Q. Tell me when the first frost occurs in Las Vegas? I have tomato seeds that require planting indoors 5 to 6 weeks before the first frost.
|Freeze damage to plants can be as early as March 15 in the Las Vegas Valley|
A. If I give you that date, you will start tomato seeds too late. I start tomatoes from seed right around January 1 in the Las Vegas climate. The “first frost date” in the Las Vegas Valley is considered to be March 15.
|Tomato seedlings grown in the greenhouse|
March 15 is when, historically, there is a 10% chance frost will occur after that date. But in most years using this date is too late for calculating when to start seedlings. In some years you might put out tomato seedlings, with some protection, the middle of February. Other years it might be the first week in March. Rarely will it be the middle of March.
|Picture of a tomato transplant I got online but lost the source. Nice-looking transplant.|
By starting tomatoes from seed on January 1 you will be ready to put tomato seedlings into protected areas outside by mid February. If you discover this date is too early, delay putting them out for one or 2 weeks or until the weather gets better.

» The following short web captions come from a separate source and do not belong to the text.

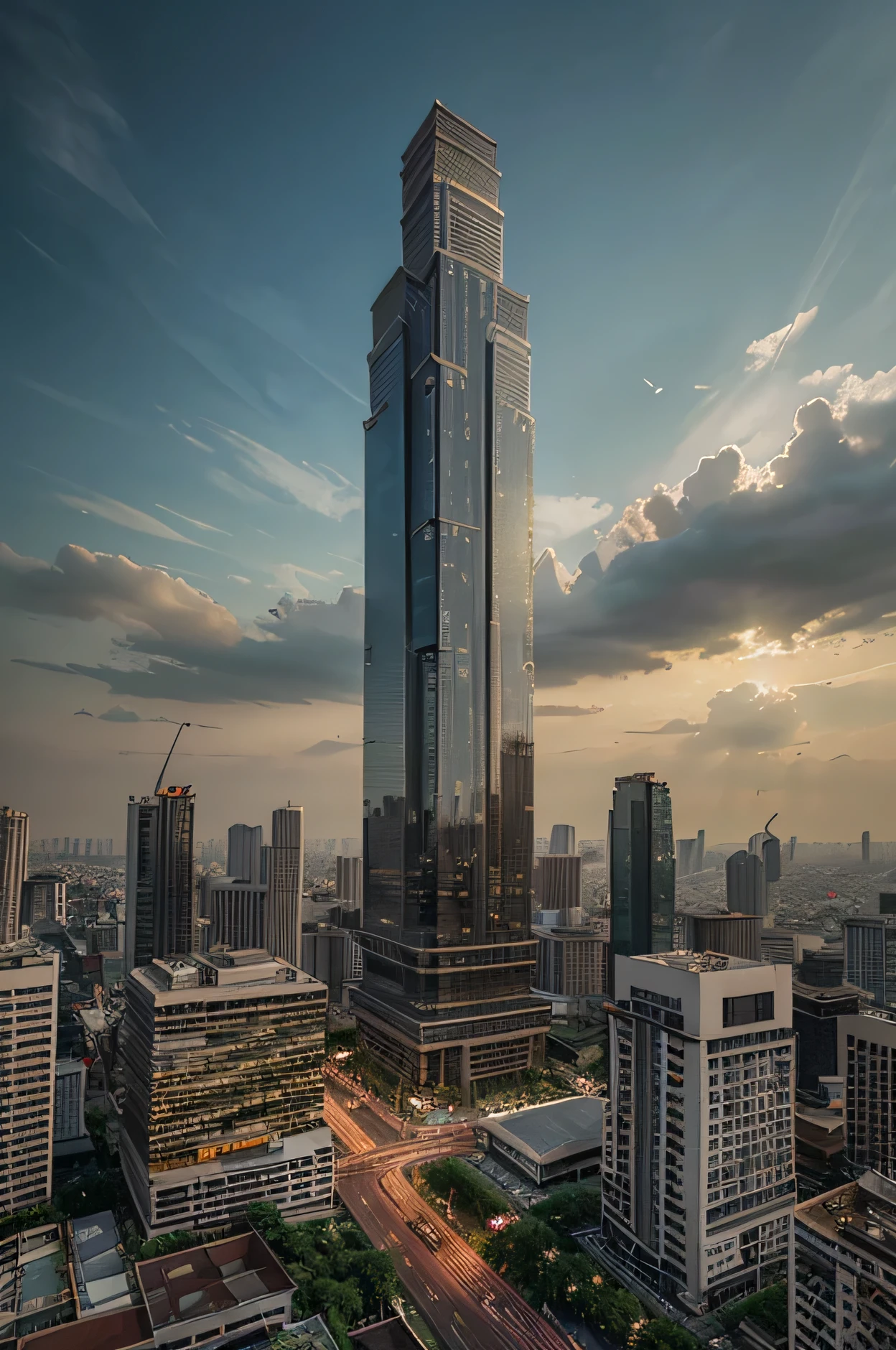 4k, realistic, very detailed, wide angle lens, Bangkok, Lively, measure, tall building, concept art, (No characters appear.), realistic lighting, Epic Elements, spread, (Masterpiece, best quality), Super HD, 32k --v 6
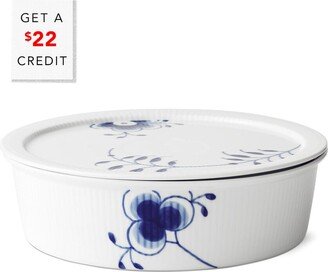 1.5Qt Blue Fluted Mega Dish With Lid With $22 Credit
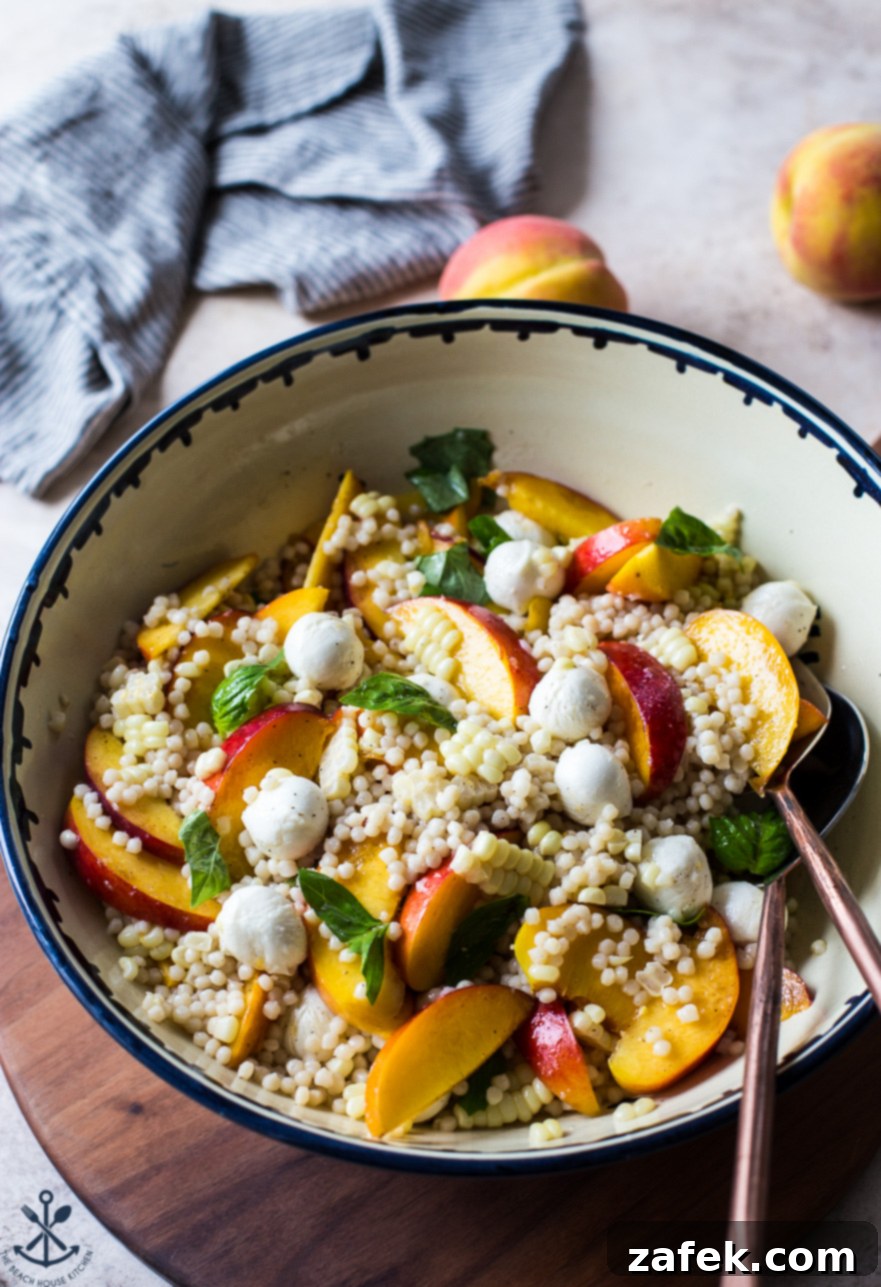 Peach Corn Caprese Couscous Salad in a decorative bowl on a rustic wooden board, ready to serve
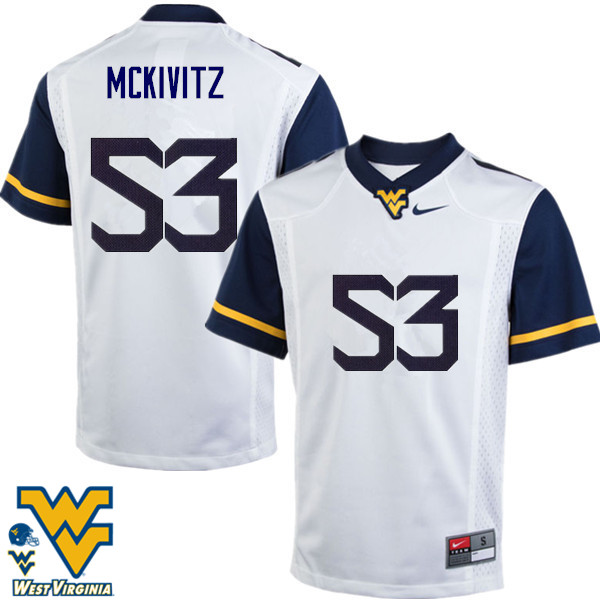 NCAA Men's Colton McKivitz West Virginia Mountaineers White #53 Nike Stitched Football College Authentic Jersey PX23C73OV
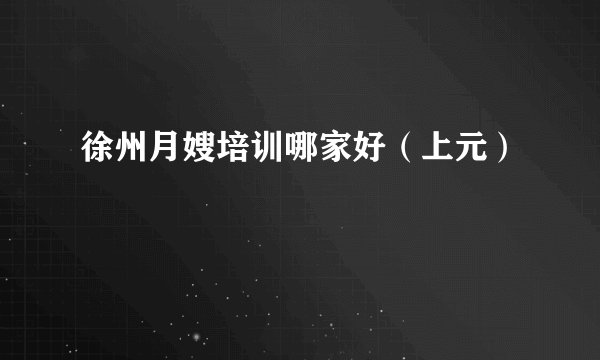 徐州月嫂培训哪家好（上元）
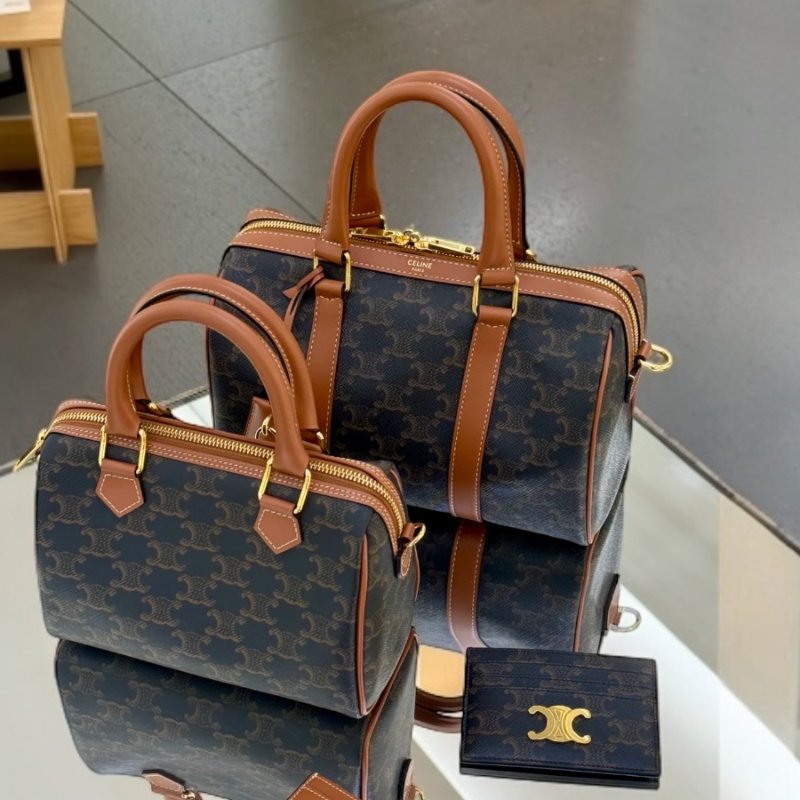 🛫早秋當季新品🛬Celine 121322 中款標誌印花波士頓包 黃褐色-6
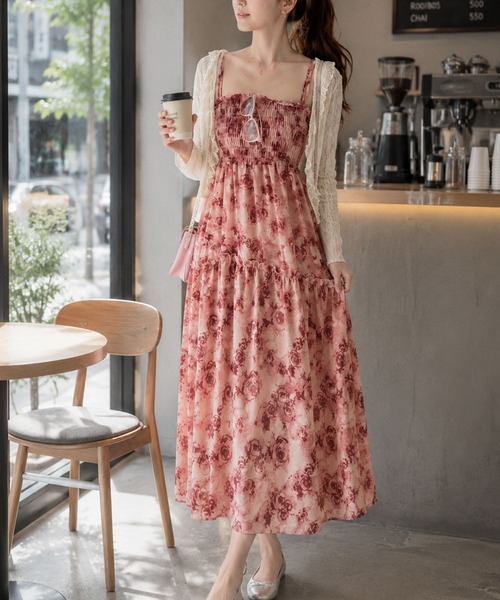 Amulet(アミュレット)の「【人気アイテム 再入荷】甘さと大人っぽさが絶妙♪ 花柄シャーリングマキシワンピース(ワンピース・レディース・ブラック/ピンク・S/M/L/XL)」の15枚目の写真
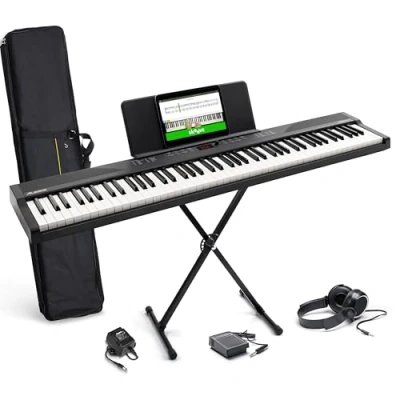 Image of Alesis 88 Key Keyboard Piano with 480 Sounds, Speakers, USB MIDI, Carry Bag, Stand, Headphones, Pedal and Lessons for Beginners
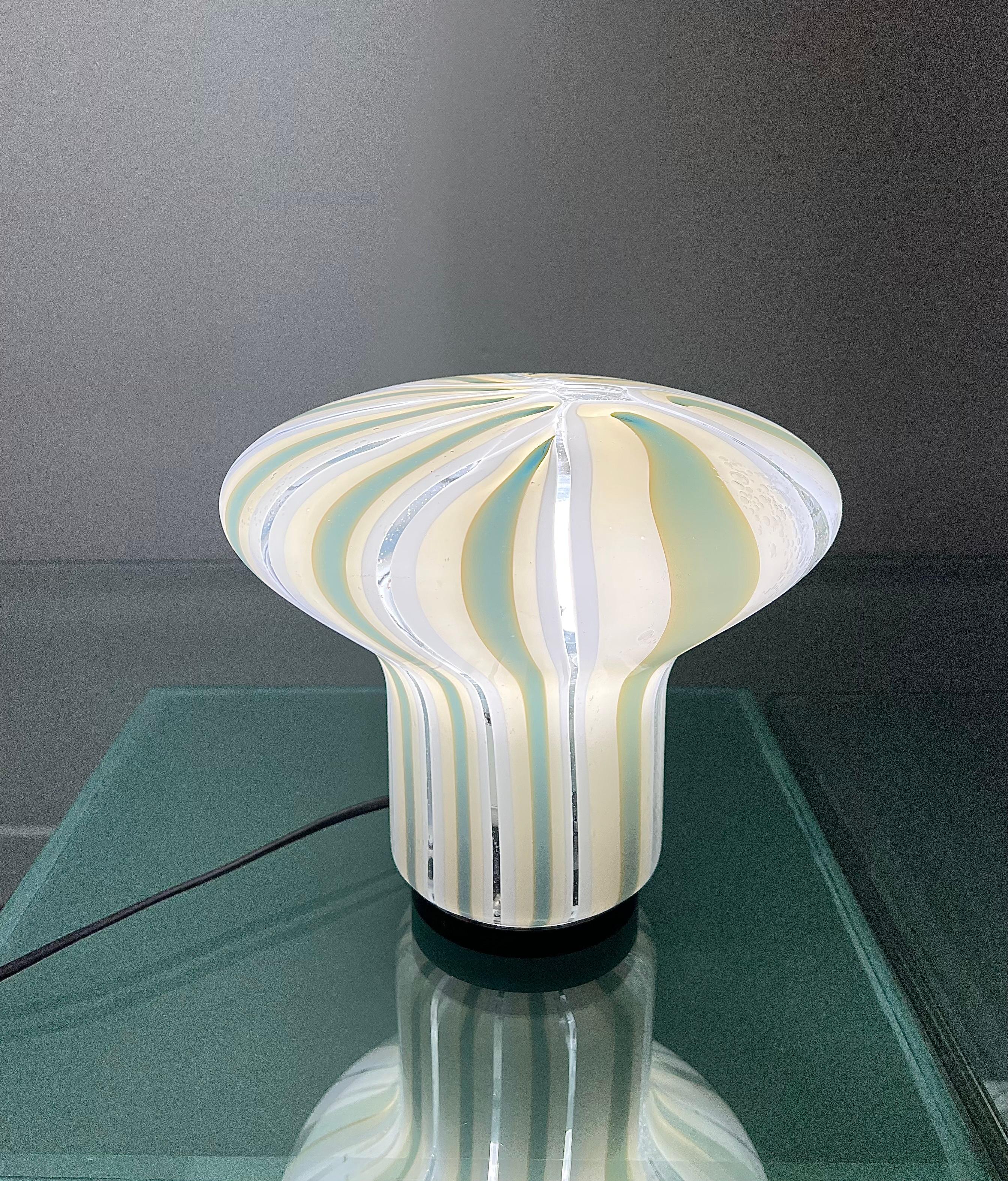 20th Century Table lamp Murano Glass Multicolor Transparent Midcentury Italian Design 1970s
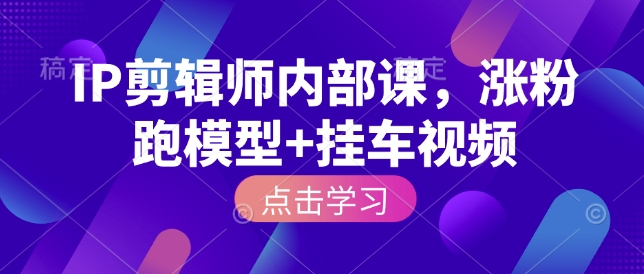 IP剪辑师内部课，涨粉跑模型+挂车视频-萤火网创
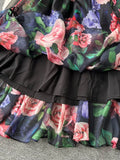 2023 Print Chiffon Dress Summer V Neck Elastic Sheath Long Temperament Butterfly Sleeve Fashion Floral Beach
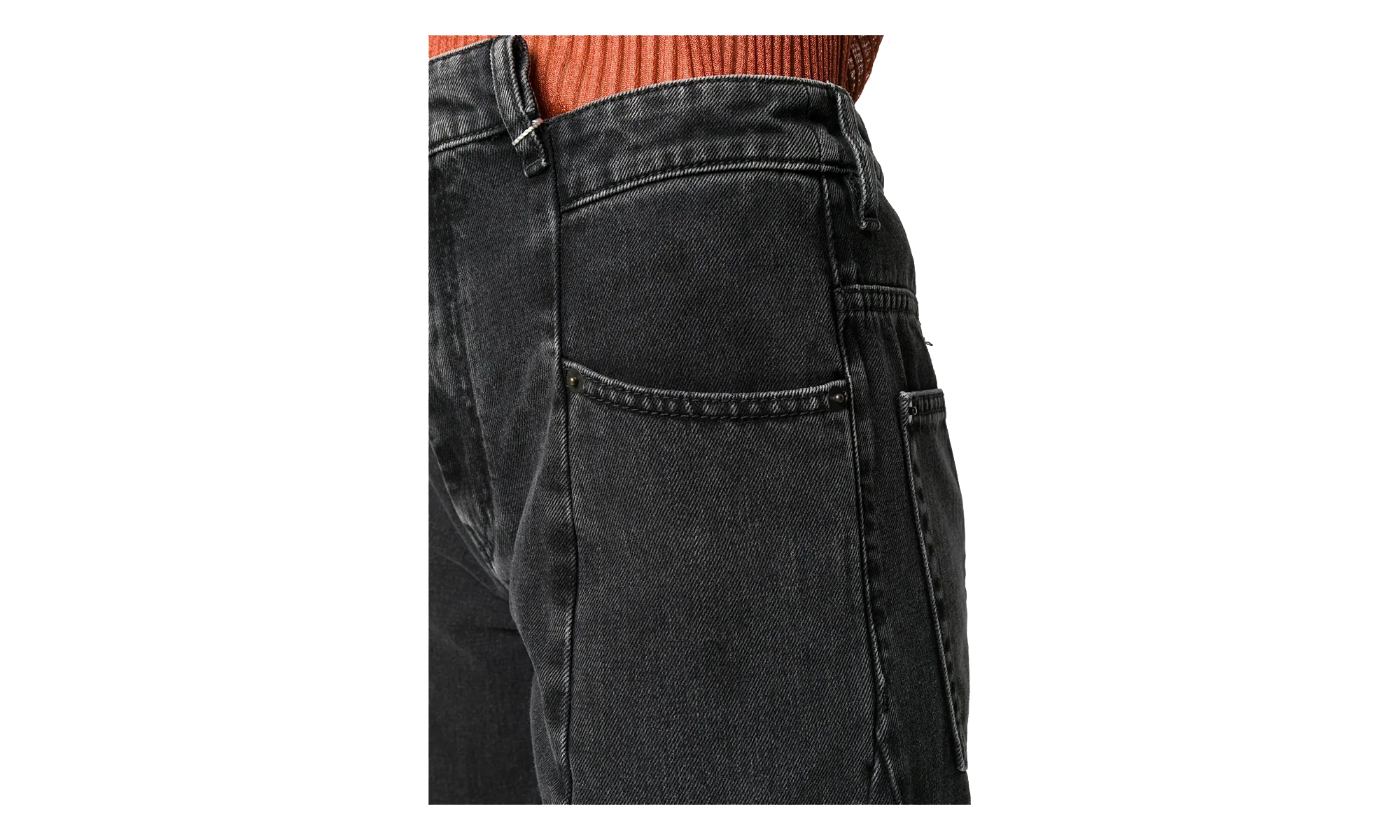 5 Pockets Asymmetrical Waist Jeans "Medium Stone Black" S51LA0133S30496961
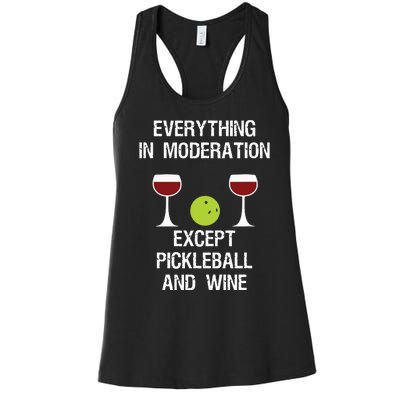 Pickleball Funny Wine Women's Racerback Tank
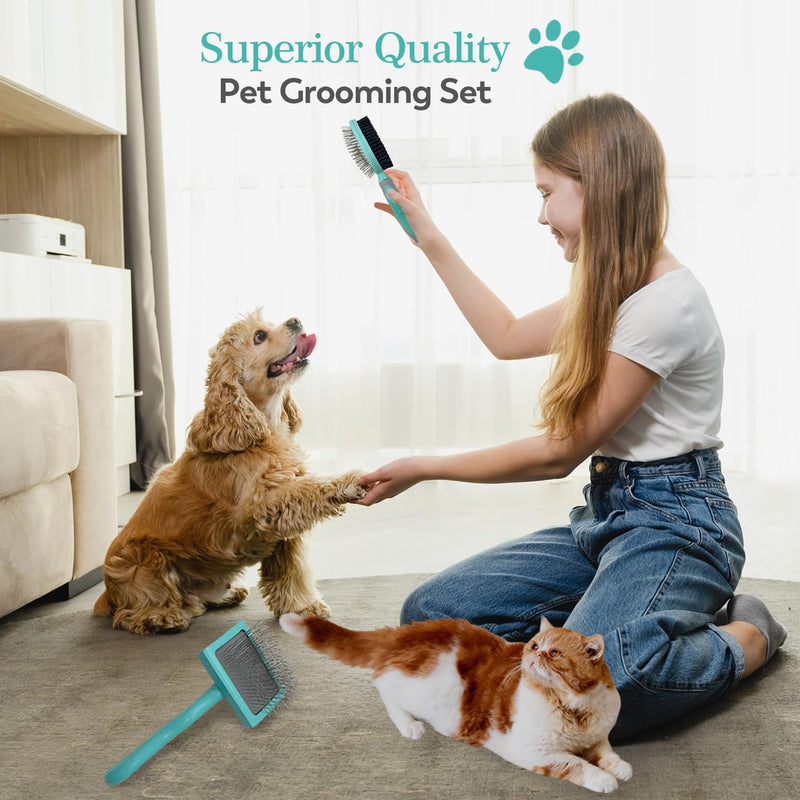 Dog Slicker Brush For Grooming Pet Hair, Best Brushes For Golden & Poodle, Skin Friendly Deshedding Grooming Tool For Dogs, Long Short Haired Brushes For Dogs & Cats, Pet Double Sided Pin Brush - BeesActive Australia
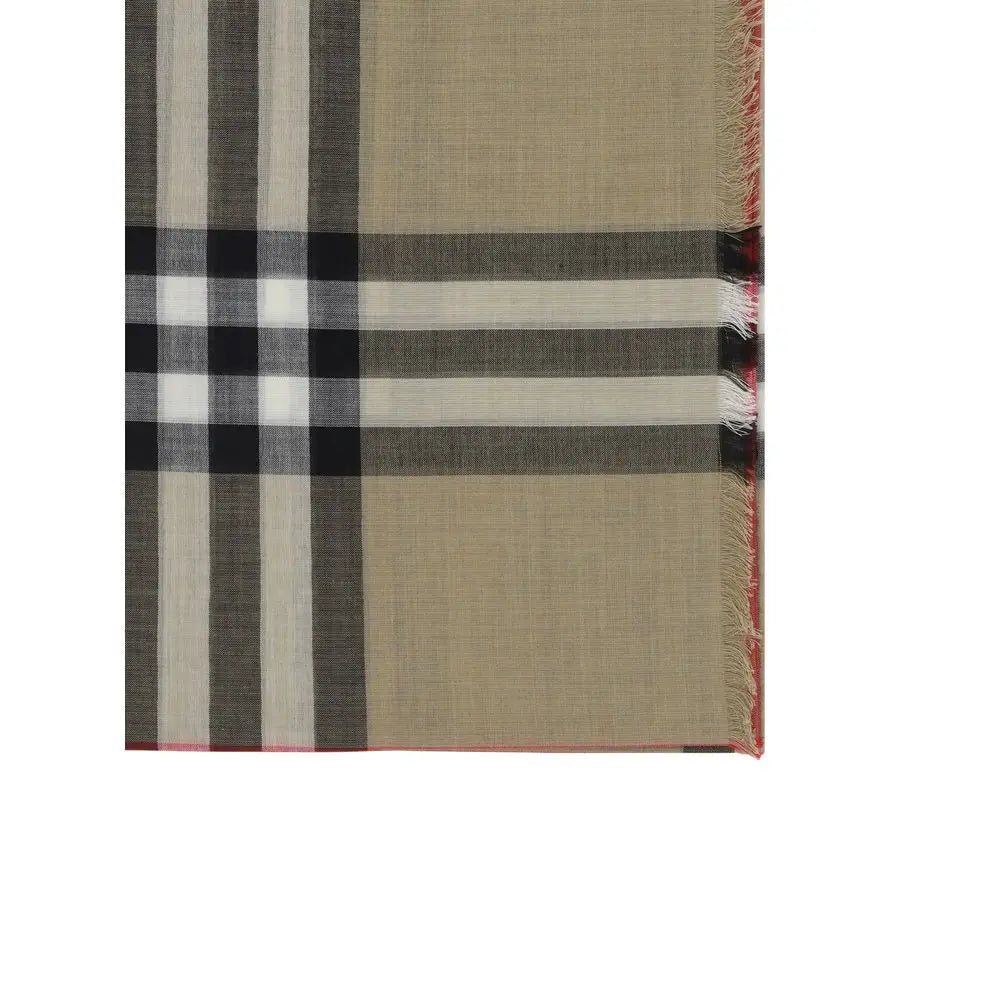 Burberry beige silk foulard beige et noir à carreaux avec franges en soie au motif classique burberry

Watch weather reports for the coming week. This gives clues whether you can put tender seedlings out early in the season or if you must wait until later.
Seedlings need to be “hardened off” 2 weeks before putting them in the garden, particularly when starting them inside or in a greenhouse. Hardening off seedlings means moving them outside into protected locations and gradually getting them adjusted to a much harsher environment. Plunge them into this harsh environment gradually.
Protect tomato new seedlings if temperatures drop into the 40s. Freezing doesn’t occur until 32°F but tender plants like tomatoes can suffer “cold damage” at temperatures in the 40s. Think about what happens when you put a banana in the refrigerator. Tomato plants are also tropical, just like bananas.